何件かのAmazonレビューに「二度と読みたくないほど怖かった」みたいなことが書かれていましたが、個人的にはそこまでではなかったかな。人によってはすごい怖い作品なんだと思うんですが、やっぱり僕は根本的に心霊ホラーの方が怖いと感じる人間なんだと思います。でも蜘蛛のくだりとか終盤の施設でのくだりとかは怖気を震いました。怖いというよりは嫌悪感ですが…。
異形のものたち
角川ホラー文庫に入っている短編集ですが、ブリッジしながら迫ってくる伽耶子のようなザ・バケモノは出てこず、幻想的という表現がぴったりな怪奇現象が綴られています。黒澤明の夢という映画を思い出しました。

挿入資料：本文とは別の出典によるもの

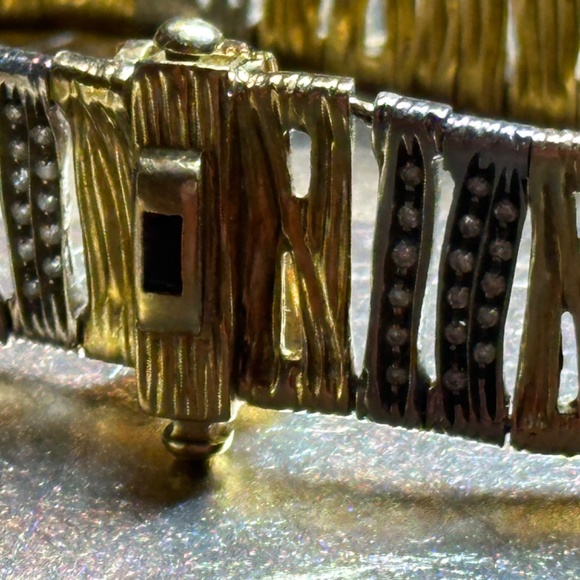 Roberto Coin Diamond 18k Gold Elephant Skin Wide Flex Bracelet - Picture 5 of 10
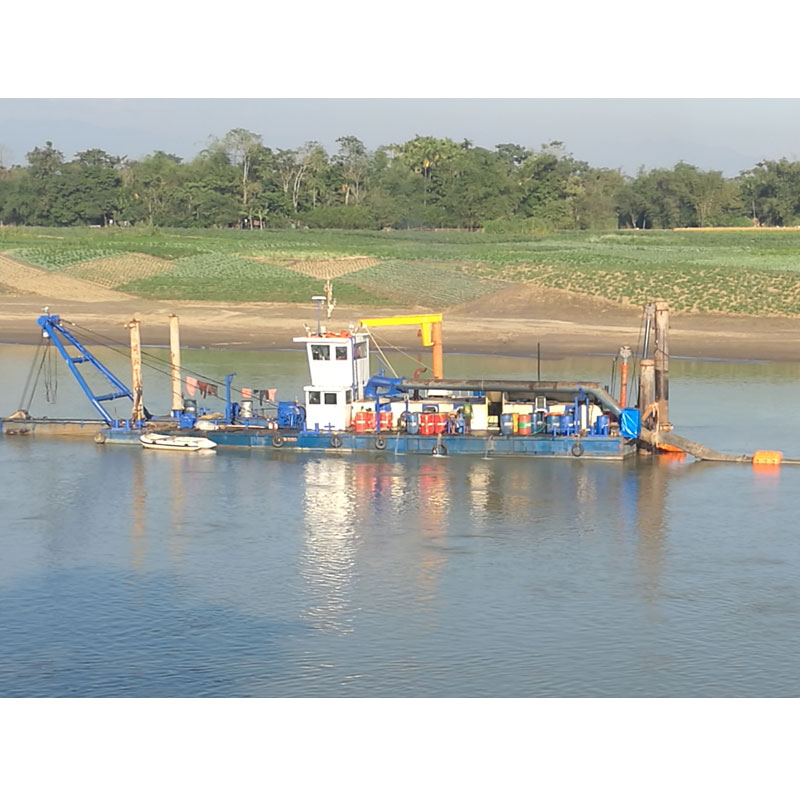 斗轮式挖泥船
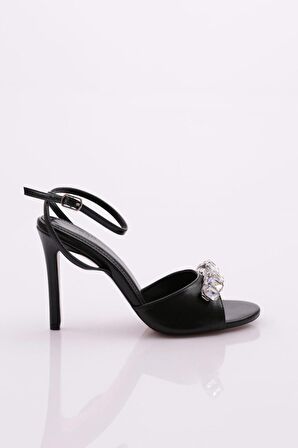 Dgn 1065 Kadin Büyük Taşli Topuklu Ayakkabi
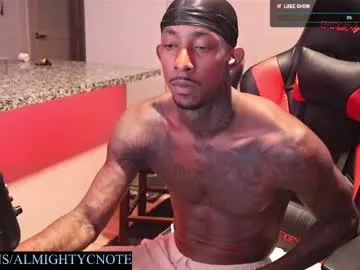 publicuniversalpussy free chat on liveonude Image 4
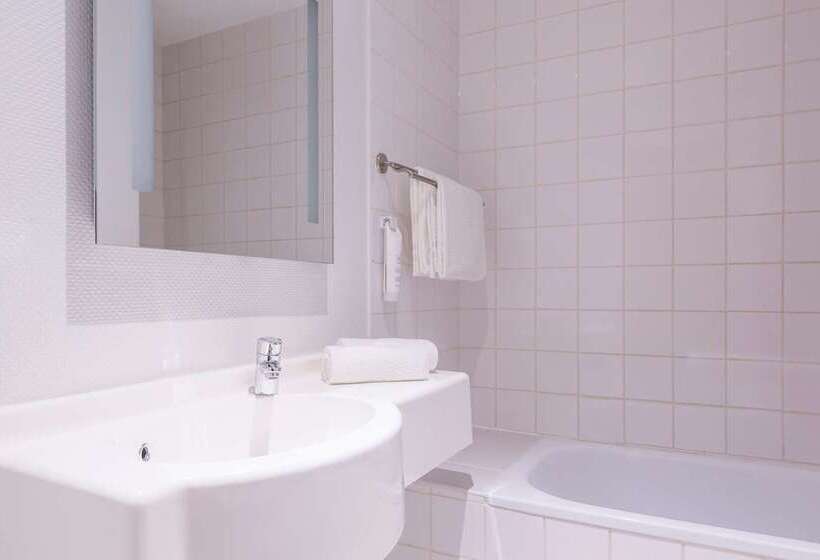 Отель The Originals City, Hôtel Aster, Saintavold Nord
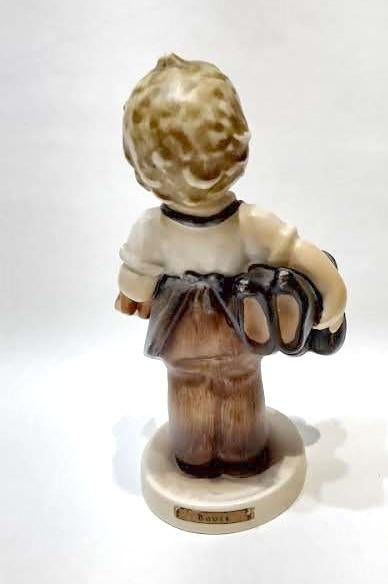 "Young Boy with Shoes" Goebel 143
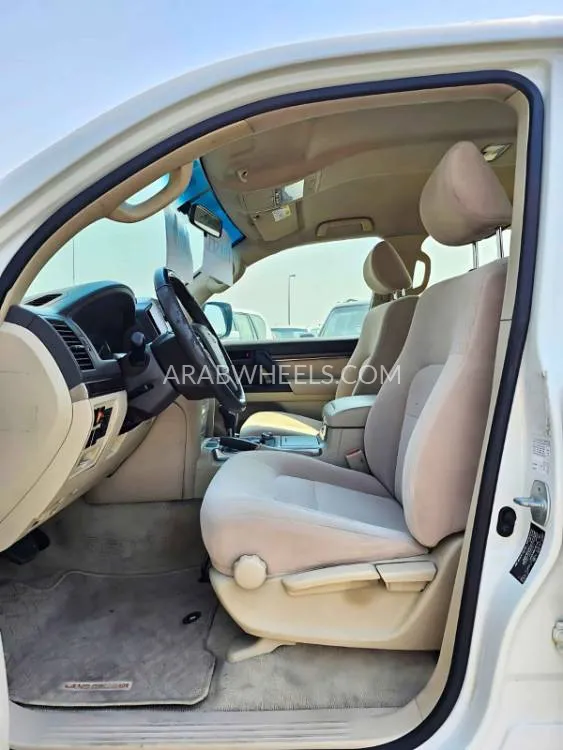 تويوتا لاند كروزر 2019 for Sale in دبي Image-9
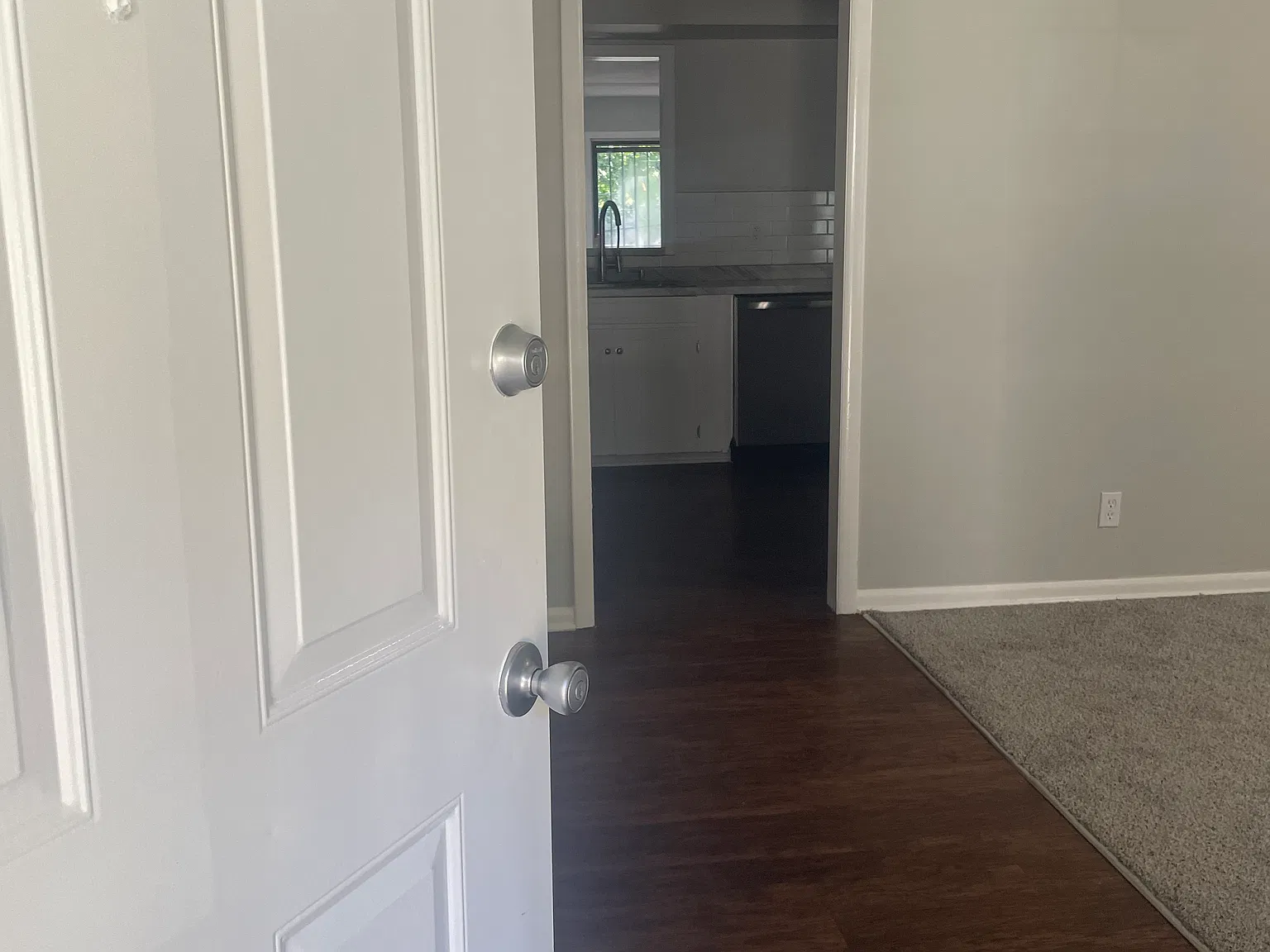 3 bed, 1420 sqft, $1,700 — Photo 3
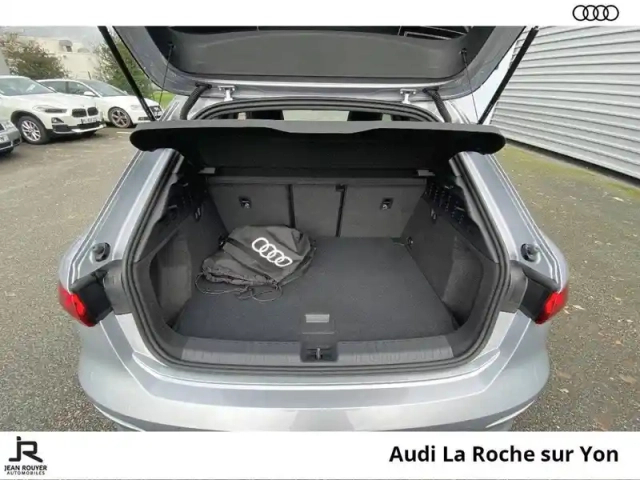 Audi A3 sportback 40 tfsie 204 s tronic 6 — photo 7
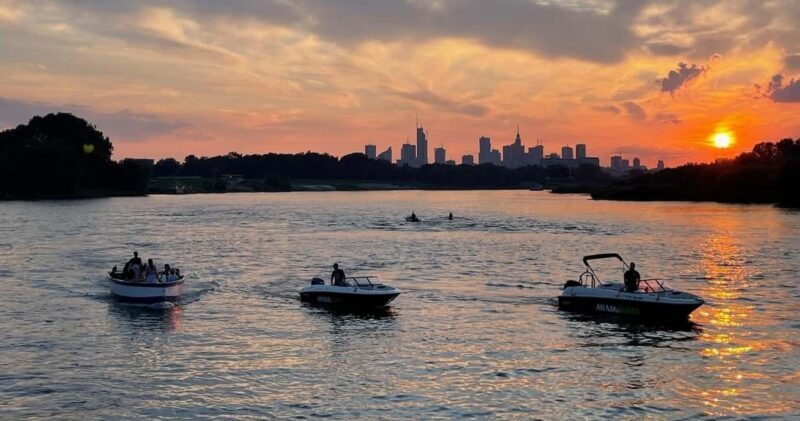 Warsaw: Sunset Vistula Cruise - 80s Vibes, Music & Prosecco - What Makes It Unique?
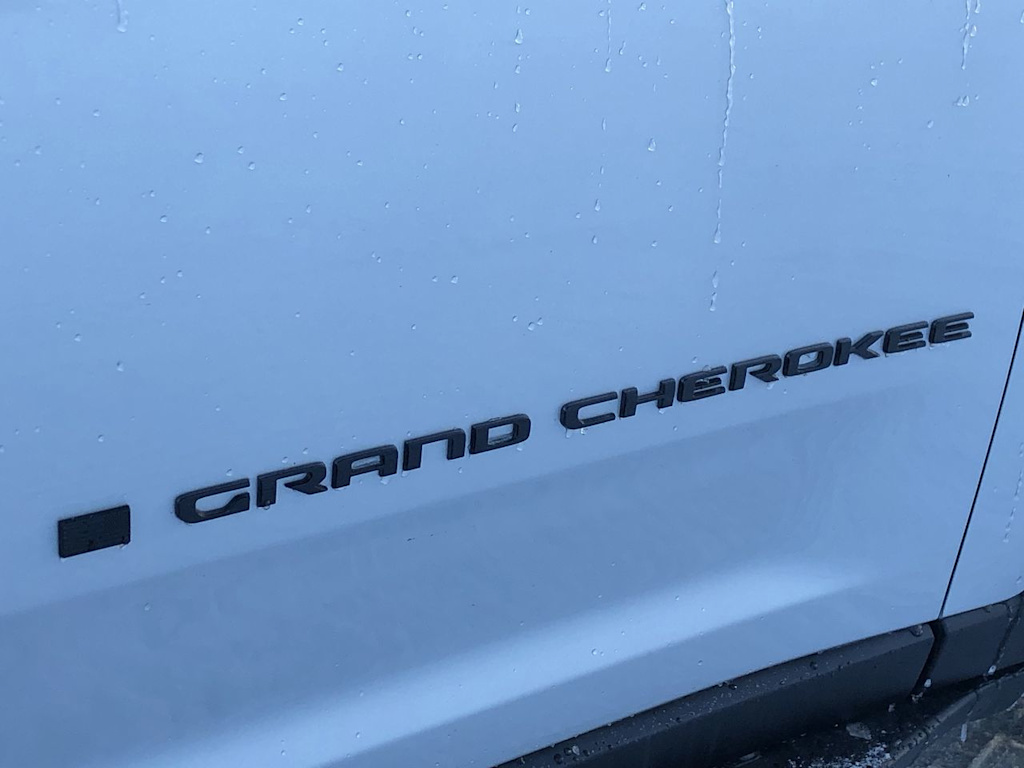 2024 Jeep Grand Cherokee Laredo 7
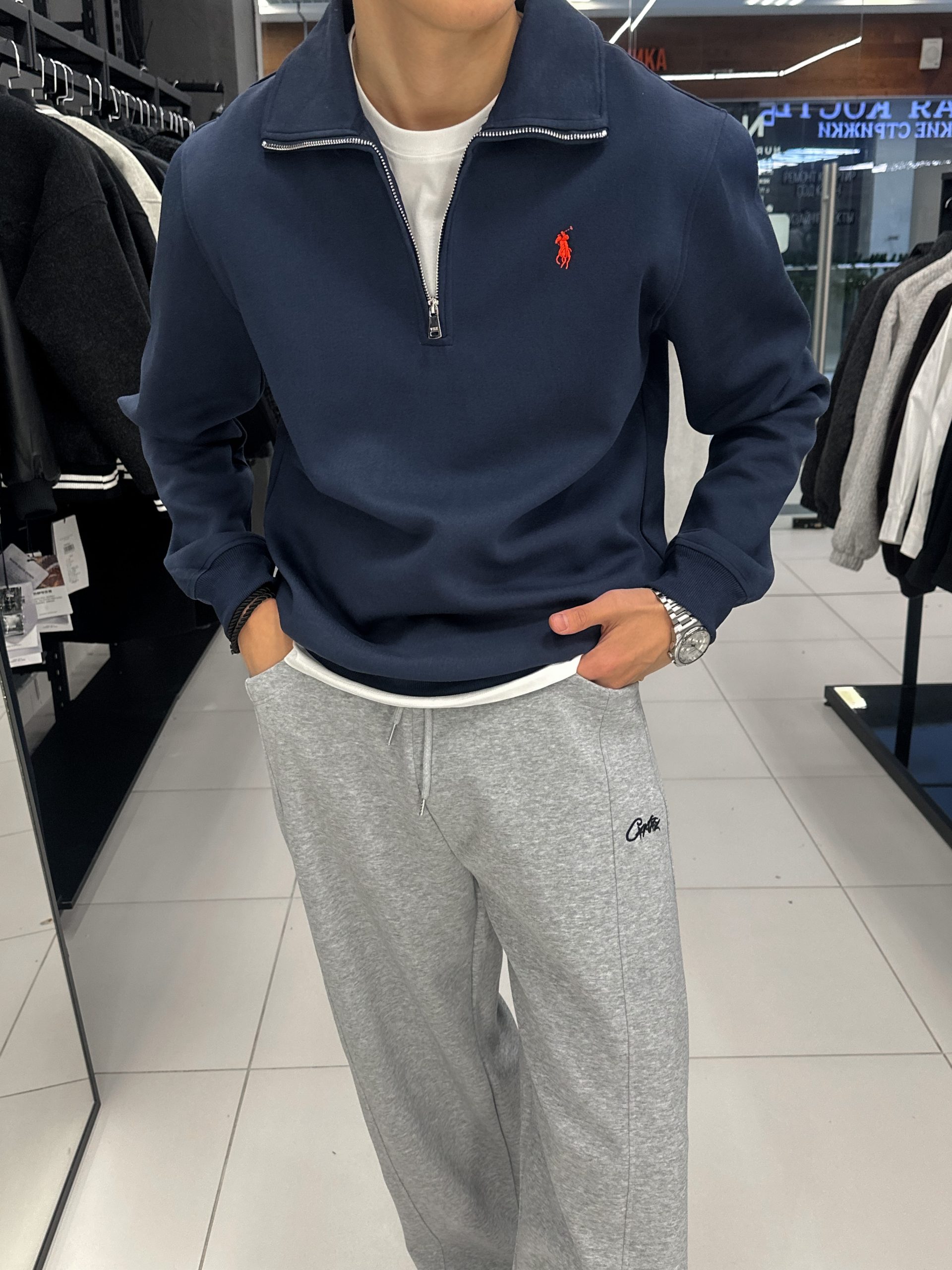 Полузамок Ralph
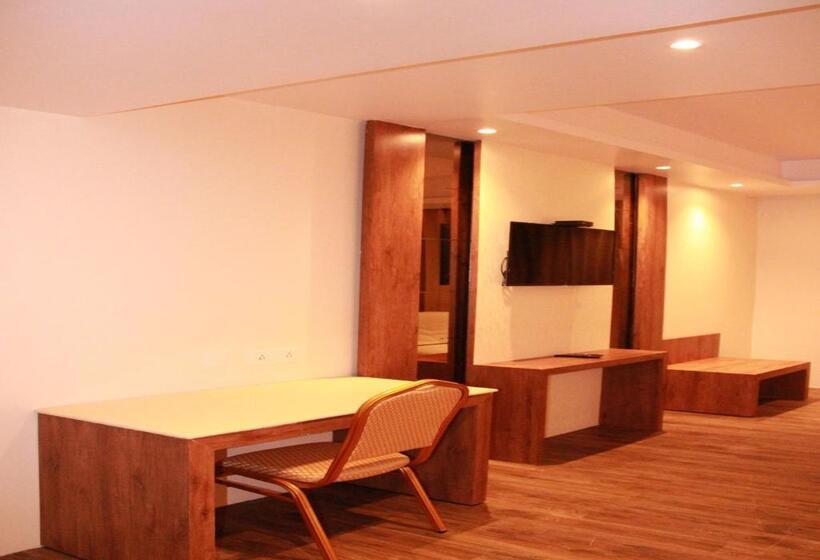 Hotelli Sarovar Portico Somnath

個人的には緋色の窓という作品が好き。語り手が幽霊を目にするときの情景描写がノスタルジックかつ抒情的で、印象に残っています。
Another エピソードS
Another 2001につながるエピソードとのことで読みました。さすがにAnotherほど面白かったわけではないのですが、サクッと読めました。
禍家
初の三津田ホラー。序盤から中盤まで心霊現象の連続で、ここまで読んだホラー小説の中で一番怖かったです。でも終盤の展開が個人的にはあんまり怖くないものだったのでなんとか読み通せたという感じ。ネタバレ配慮であまり言えないのですが、心霊現象がメインのホラーではあっても、それだけに頼らないストーリーテリングがいいなと思いました。怖くて満足したのでほかの三津田作品も読んでいこうと決意。
ナキメサマ
帯にどんでん返しがあると書いてあったのでどんでん返しを想定して読んだら普通にほとんどの展開が読めてしまったので、帯にそれ書くのも考えものだなと思いました(べつにホラーにどんでん返し求めてないし…)。でも確かにこの作品の強みではあるからアピールしないわけにもいかないだろうし、編集者も頭悩ませただろうな(PRって難しい)。作品の内容についていえば、ナキメサマを隠れてやりすごすところがめちゃくちゃ怖くてよかったです。こういうのを求めてるんだよこういうのを。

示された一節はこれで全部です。